In [78]:
import numpy as np

class LogisticRegressionSGD:

    def __init__(self, learning_rate = 0.01, batch_size = 10, max_iterations = 1000):
        self.learning_rate = learning_rate
        self.batch_size = batch_size
        self.max_iterations = max_iterations
        self.weights = None

    def sigmoid(self, z):
        return 1 / (1 + np.exp(-z))

    def error_function(self, y, t):
        return -np.mean(t * np.log(y + 1e-9) + (1 - t) * np.log(1 - y + 1e-9))

    def train(self, X, t):
        N, d = X.shape
        self.weights = np.random.randn(d) * 0.01

        for j in range(self.max_iterations):
            indices = np.random.permutation(N)
            X_random, t_random = X[indices], t[indices]

            for i in range(0, N, self.batch_size):
                X_batch = X_random[i:i + self.batch_size]
                t_batch = t_random[i:i + self.batch_size]

                y_batch = self.sigmoid(X_batch @ self.weights).reshape(-1)
                t_batch = t_batch.reshape(-1)

                gradient = X_batch.T @ (y_batch - t_batch) / len(t_batch)

                self.weights -= self.learning_rate * gradient

            y_pred_train = self.sigmoid(X @ self.weights)
            y_pred_train = y_pred_train[: len(t)]  
            
            loss = self.error_function(y_pred_train, t)
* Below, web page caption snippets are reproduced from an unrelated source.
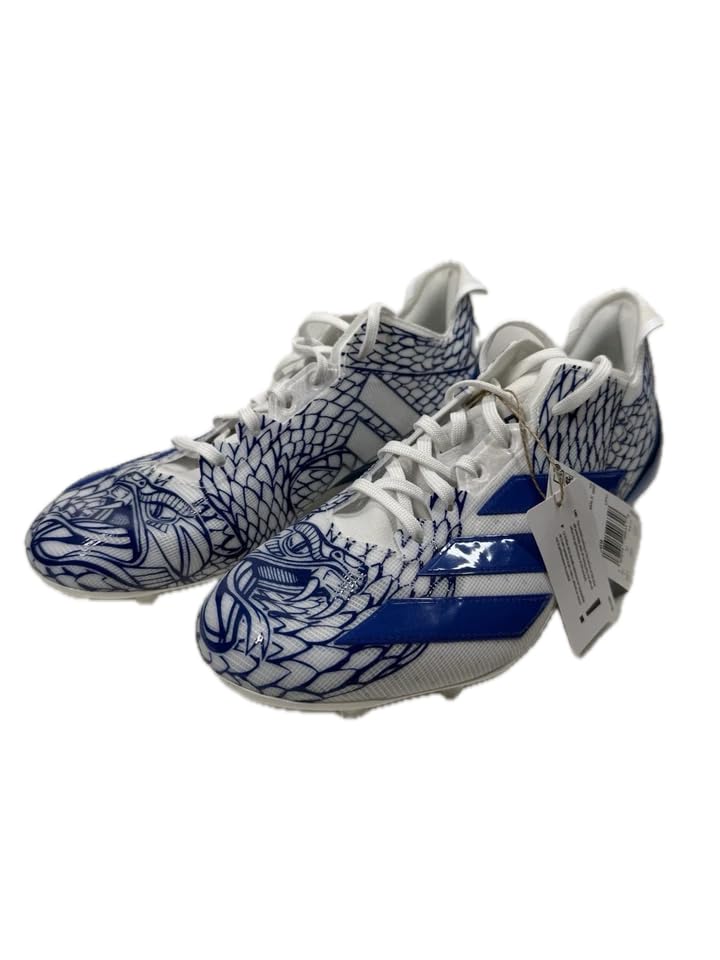 adidas Men's Adizero Electric.2 Football Cleats 'Royal Blue White' (IH8569) - Size 11.53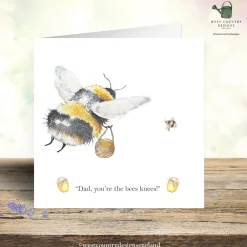 Bee's Knees Father's Day Card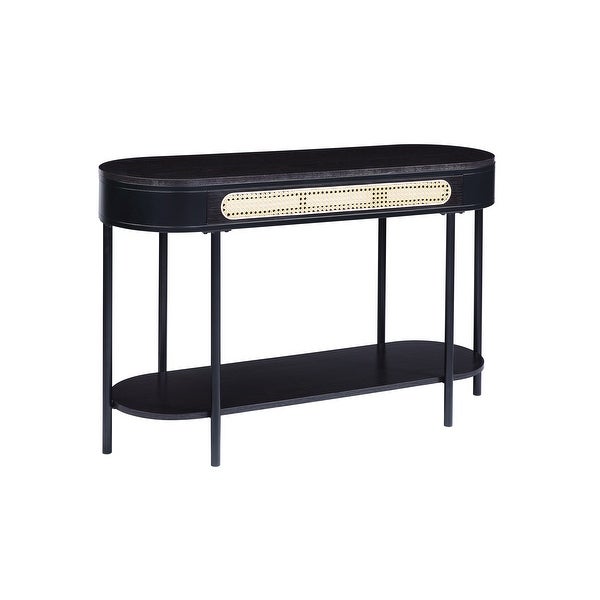 Sofa Table, Black Finish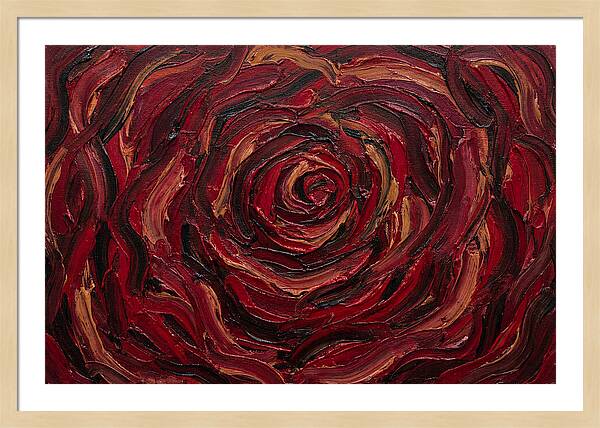 Red Rose Swirl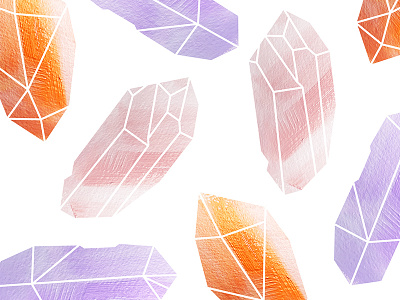 Crystals 30daychallenge crystals drawing icon illustration painted painting pattern practice surfacedesign texture witchy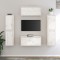 vidaXL Comode TV, alb,6 buc., lemn masiv de pin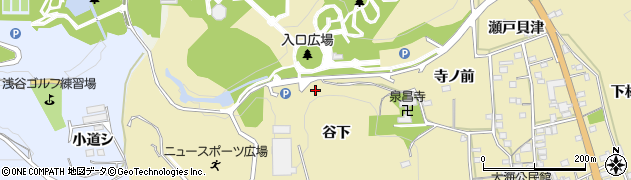 愛知県新城市大海（谷下）周辺の地図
    def predict_probability(self, X):
        return self.sigmoid(X @ self.weights)

    def predict(self, X):
        return (self.predict_probability(X) >= 0.5).astype(int)
        


In [79]:
from sklearn.datasets import load_breast_cancer
from sklearn.model_selection import train_test_split
from sklearn.preprocessing import StandardScaler
from sklearn.metrics import accuracy_score, precision_score, recall_score, f1_score

In [80]:
data = load_breast_cancer()
X, y = data.data, data.target

X_train, X_temp, y_train, y_temp = train_test_split(X, y, test_size = 0.3, random_state = 42, stratify = y)
X_val, X_test, y_val, y_test = train_test_split(X_temp, y_temp, test_size = 0.5, random_state = 42, stratify = y_temp)

scaler = StandardScaler()
X_train = scaler.fit_transform(X_train)
X_val = scaler.transform(X_val)
X_test = scaler.transform(X_test)

unique, counts = np.unique(np.concatenate((y_train, y_val)), return_counts=True)
class_size = dict(zip(unique, counts))
class_size


{0: 180, 1: 303}

In [81]:
model = LogisticRegressionSGD(learning_rate = 0.1, batch_size = 20, max_iterations = 1000)
model.train(X_train, y_train)

y_pred = model.predict(X_test)

accuracy = accuracy_score(y_test, y_pred)
precision = precision_score(y_test, y_pred)
recall = recall_score(y_test, y_pred)
f1 = f1_score(y_test, y_pred)

accuracy, precision, recall, f1

(0.9767441860465116, 0.9642857142857143, 1.0, 0.9818181818181818)

The model correctly classified 97.7% of the test data.
96.4% of the time, the model correctly classified the benign cases as benign. Sometimes it misclassified the benign cases as bad.
There were zero false negatives, the model successfully identified all tumors.
The F1 score was 98.18% which means that the model was highly reliable for classification and it performed very well in precision and recall.